## Problem to solve
Your answer should be the entries below, reproduced character for character.

## Task material
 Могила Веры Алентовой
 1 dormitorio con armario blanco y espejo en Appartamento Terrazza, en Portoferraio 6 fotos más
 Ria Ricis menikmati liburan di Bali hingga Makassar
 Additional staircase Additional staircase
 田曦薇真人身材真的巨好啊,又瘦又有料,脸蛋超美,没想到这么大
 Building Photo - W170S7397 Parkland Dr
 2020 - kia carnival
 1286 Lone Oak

## Task output
 Могила Веры Алентовой
 1 dormitorio con armario blanco y espejo en Appartamento Terrazza, en Portoferraio 6 fotos más
 Ria Ricis menikmati liburan di Bali hingga Makassar
 Additional staircase Additional staircase
 田曦薇真人身材真的巨好啊,又瘦又有料,脸蛋超美,没想到这么大
 Building Photo - W170S7397 Parkland Dr
 2020 - kia carnival
 1286 Lone Oak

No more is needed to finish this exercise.